III. LA POSITION DE LA COMMISSION DES LOIS : LA RECEVABILITÉ DE LA PROPOSITION DE RÉSOLUTION
Dans le cadre d'un « droit de tirage », la compétence de la commission des lois se limite strictement à l' examen de la recevabilité de la proposition de résolution .
L'article unique de la proposition de résolution présentée par Claude Malhuret et les membres du groupe Les Indépendants - République et Territoires, tend à créer une commission d'enquête de dix-neuf membres sur l'utilisation du réseau social TikTok, son exploitation des données, sa stratégie d'influence .
L'effectif de la commission d'enquête n'excéderait pas vingt-trois membres , respectant ainsi le Règlement du Sénat.
La proposition de résolution n'a pas non plus pour effet de reconstituer avec le même objet une commission d'enquête ayant achevé ses travaux depuis moins de douze mois .

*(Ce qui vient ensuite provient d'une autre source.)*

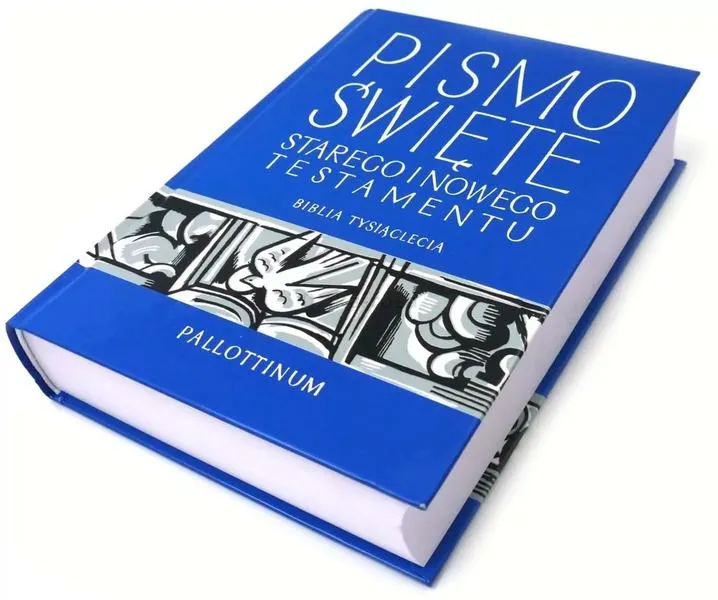 Biblia Tysiąclecia jako prezent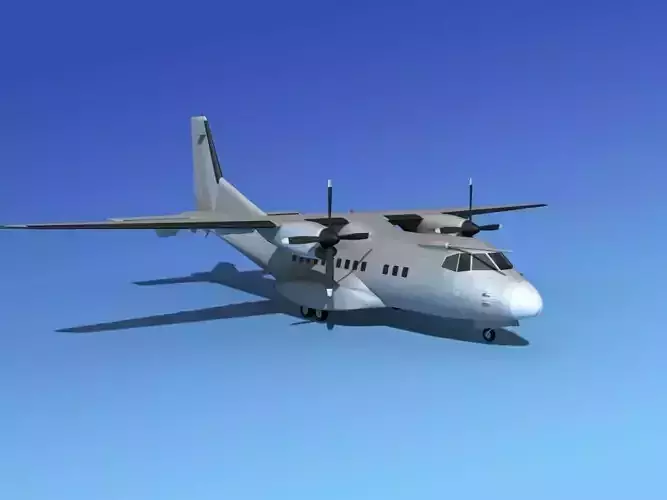 Casa CN-235 Bare Metal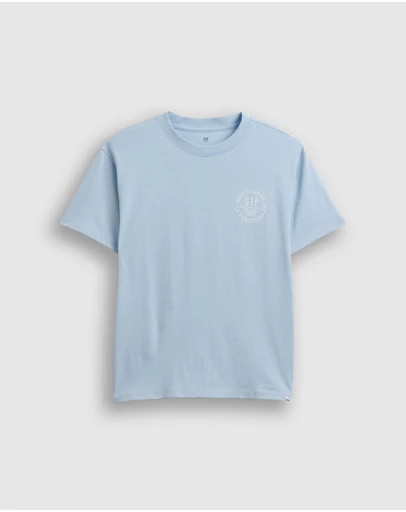 GAP - Relaxed SS Logo Tee - Teens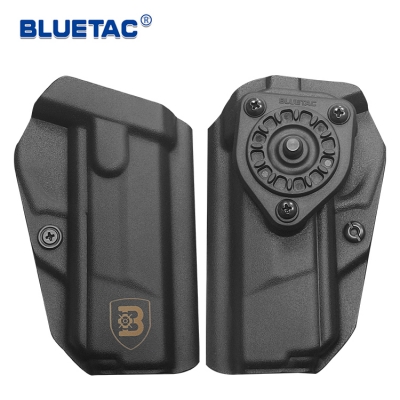 B Kydex OWB Holster Fast Release Quick Mounting/Dismounting Gun Holster With Belt Clip Carry Attachment Holster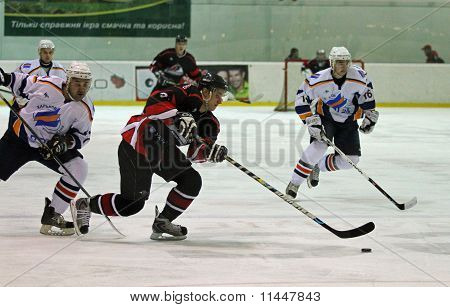 Kharkov - Donbass ishockey Match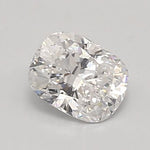 IGI 0.63 Carat Cushion Lab Grown Diamond 人工培育鑽石 實驗室人造鑽石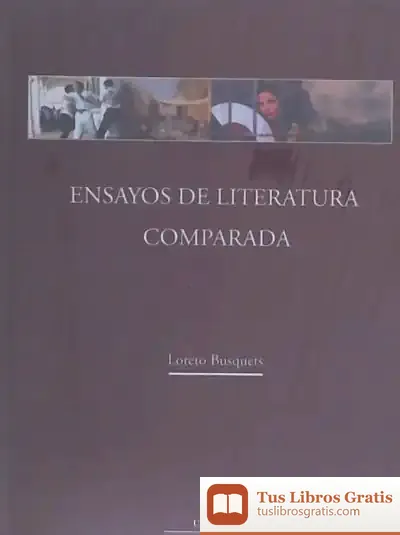 Descargar Ensayos De Literatura Comparada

Les auteurs de la proposition de résolution exposent 14 ( * ) que la plateforme Tiktok est accusée :
- d'avoir un mode de fonctionnement différencié selon les zones géographiques et ce, afin d'accroître le caractère addictif de son application par la propagation de contenus tapageurs à l'étranger : « la nature des contenus mis en avant mais aussi les durées maximales d'utilisation pour les jeunes utilisateurs ne seraient pas les mêmes selon que l'utilisateur se trouve en Chine ou dans le reste du monde » ;
- de méconnaître la législation européenne issue notamment du règlement général sur la protection des données à caractère personnel (RGPD) : « la plateforme TikTok est ainsi soupçonnée de ne pas observer la nécessaire confidentialité quant aux données à caractère personnel de ses utilisateurs étrangers, voire de les communiquer à des organismes tiers, en méconnaissant les obligations légales européennes qui lui incombent ». Est cité un exemple d'utilisation de données collectées pour identifier les sources de plusieurs journalistes.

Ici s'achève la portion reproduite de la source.